The word lists I referred to as my starting point were these:

  • Barrons 1100
  • Barrons High Frequency 320
  • Magoosh 1000
  • MGMAT 1000.

I also manually compiled a list of words in the GRE Official Guide that I knew, from my coaching experience, students usually were unfamiliar with but that were not there in any of the above lists.

I collated all the words from all these lists into a single Microsoft Excel sheet. Their number added up to a little over 2900.

As my next step, I found the frequency of each word in the ETS Big Book, which as you may know is a compilation of old format GRE tests. The GRE verbal language has remained pretty much unchanged from the time these tests were administered. So, I assumed that the frequency of these words in the Big Book would be a good proxy for the frequency of these words in the present-day official guides (one of which I had already consulted in an earlier step, as noted above), practice tests and actual GRE tests.

At the end of this step, I was able to determine an importance score of each word.

This 2900-word list, sorted in descending order of importance score, was what I used to choose words for my Vocab Program. 

Among the 300 words that I cover in the Vocab Program,

  • 275 (92%) occur in
    • at least one of the Barrons/Magoosh/MGMAT wordlists
    • OR
    • in the OG or the Big Book.

More specifically, the overlap of words in my Vocab Program with other wordlists is as follows:

◽ Barrons 320: 82 words

◽ Barrons 1100: 120 words

◽ Magoosh 1000: 136 words

◽ MGMAT 1000: 151 words

Words that occur in at least two of the above lists are 103.

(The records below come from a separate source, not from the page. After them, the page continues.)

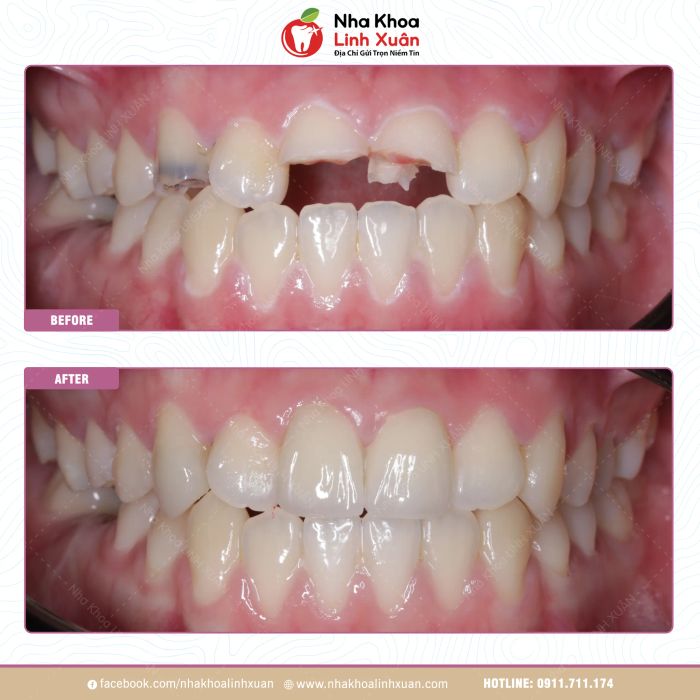 Hình ảnh phòng khám Nha Khoa LINH XUÂN - Trang thiết bị tân tiến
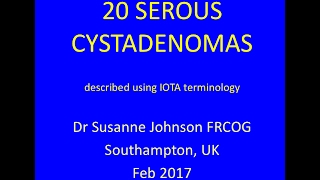 serous cystadenomas YouTube Feb 2017 [upl. by Lathan]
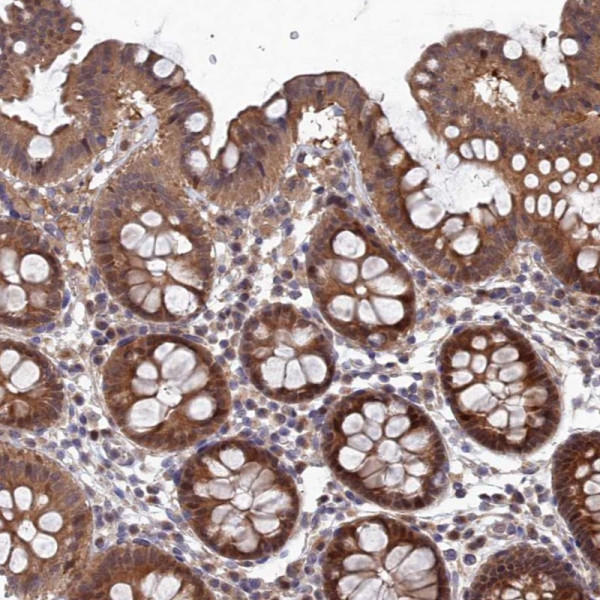 Anti-ELOVL6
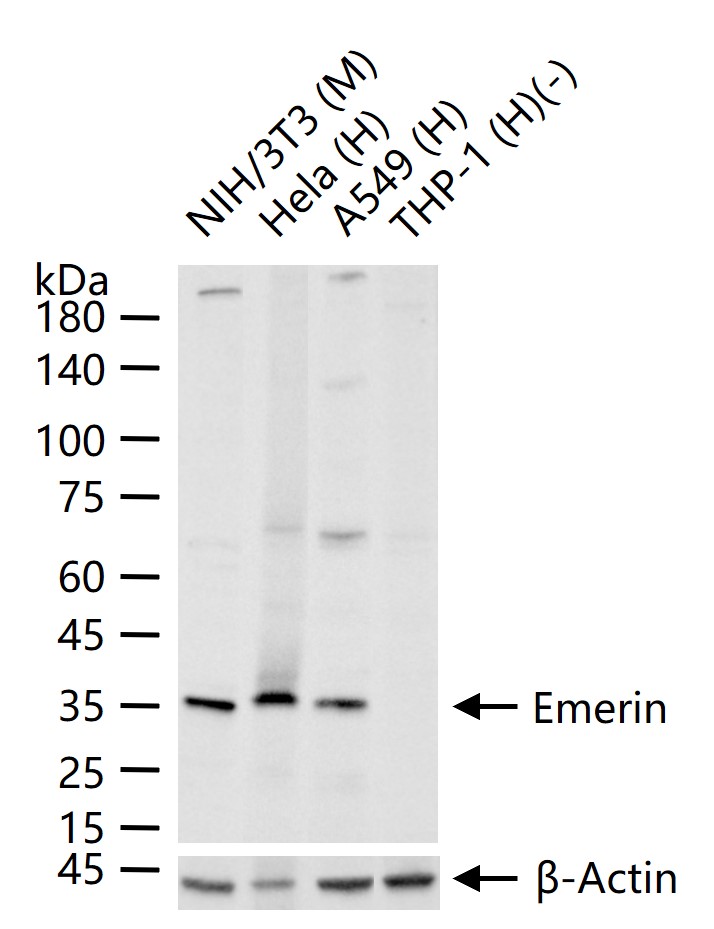 Emerin Recombinant Rabbit mAb (一抗) - WB,IHC-P,IHC-F,ICC/IF,IF | Bioss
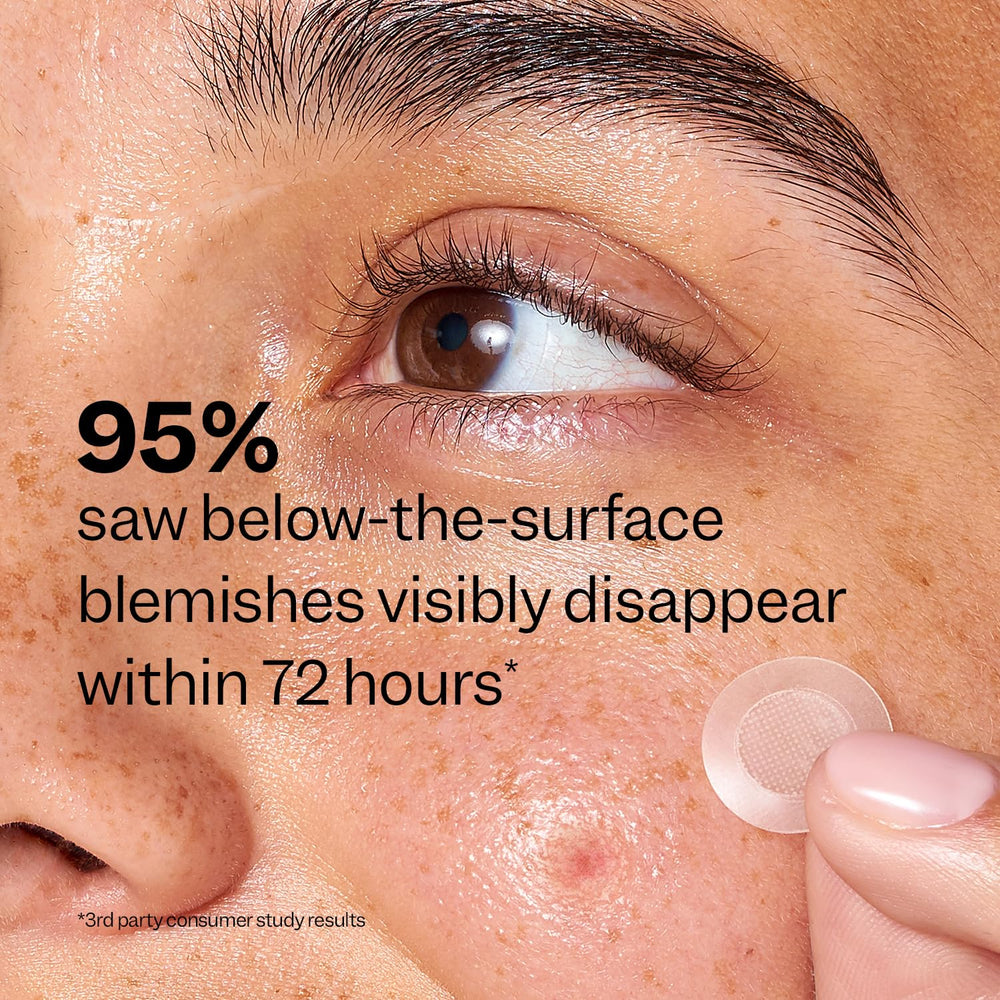 Peach Slices skincare routine shot showing cleanse before applying patches.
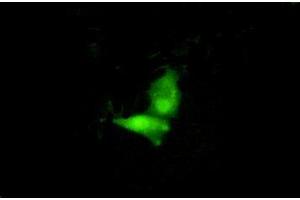 Figure:FITC staining on IHC-P;Simple: A549 cells (IRF6 抗体  (AA 196-445))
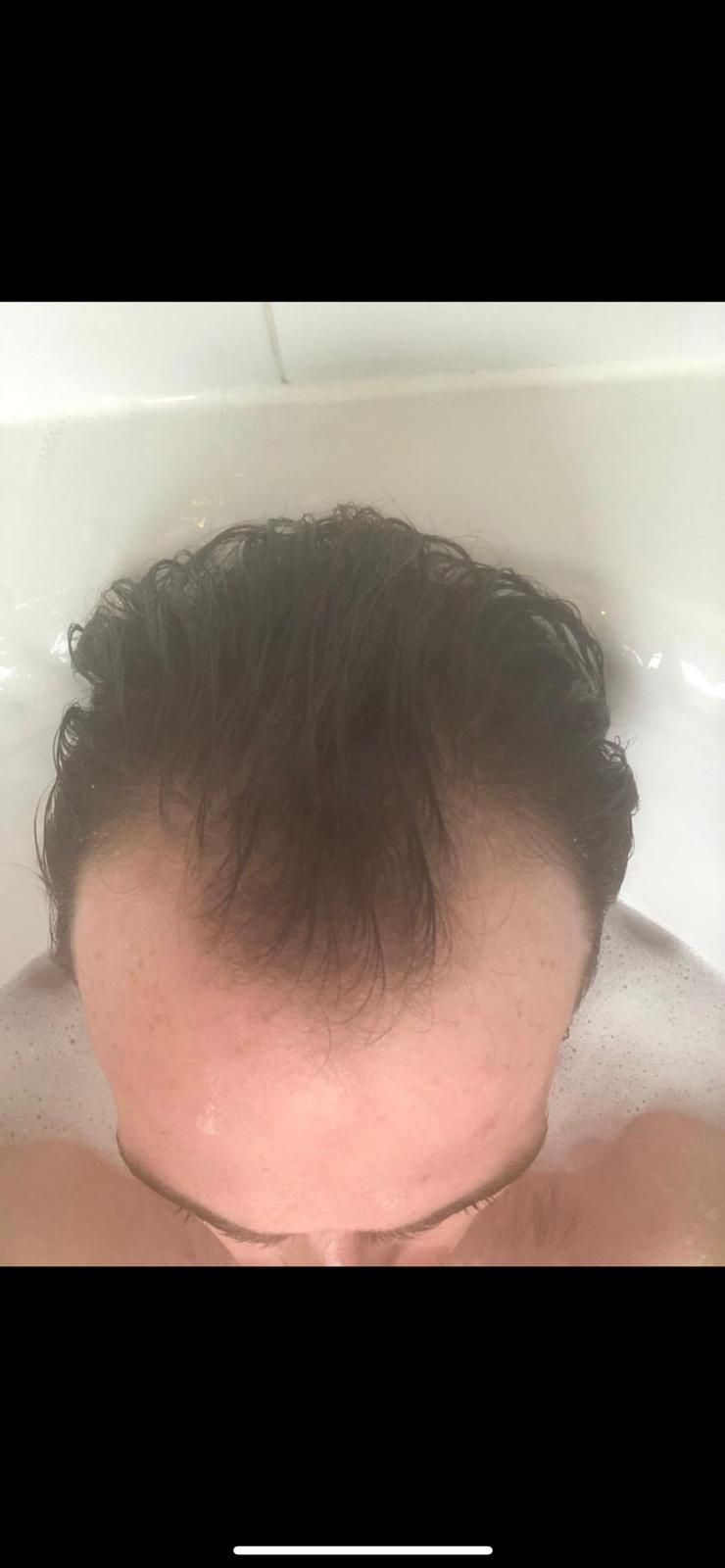 A picture of a hair transplant Glasgow patient showing signs of male pattern baldness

(You may be surprised to know that 178 words from the Barrons High Frequency 320 words do NOT in fact occur in the Barrons 1100 list. Among the 82 words from the Barrons High Frequency 320 list that I have covered in the Vocab Program, only 37 also occur in Barrons 1100. Examples of words that occur in my Vocab Program and in Barrons 320 but not in Barrons 1100 lists are: equivocal, solicitous, qualified, and commensurate.)

There are many words that are very much GRE words but that do not occur in any of the above four wordlists. For example, metaphorical (covered in Day 10 of my program) is found in the Official Guide and occurs 12 times in the Big Book but is not there in any of the above lists.

  • 25 (8%) were not there in my 2900-word list.

They got included because:

◽ Either they occurred naturally in a story or quote that I was using, or they were etymologically related to a GRE word that I was teaching in that article,

AND

◽ I judged them to be words that could very well be found in a GRE passage or SE/TC question.

Examples of such words are chide, detract, intangible, unanimity etc.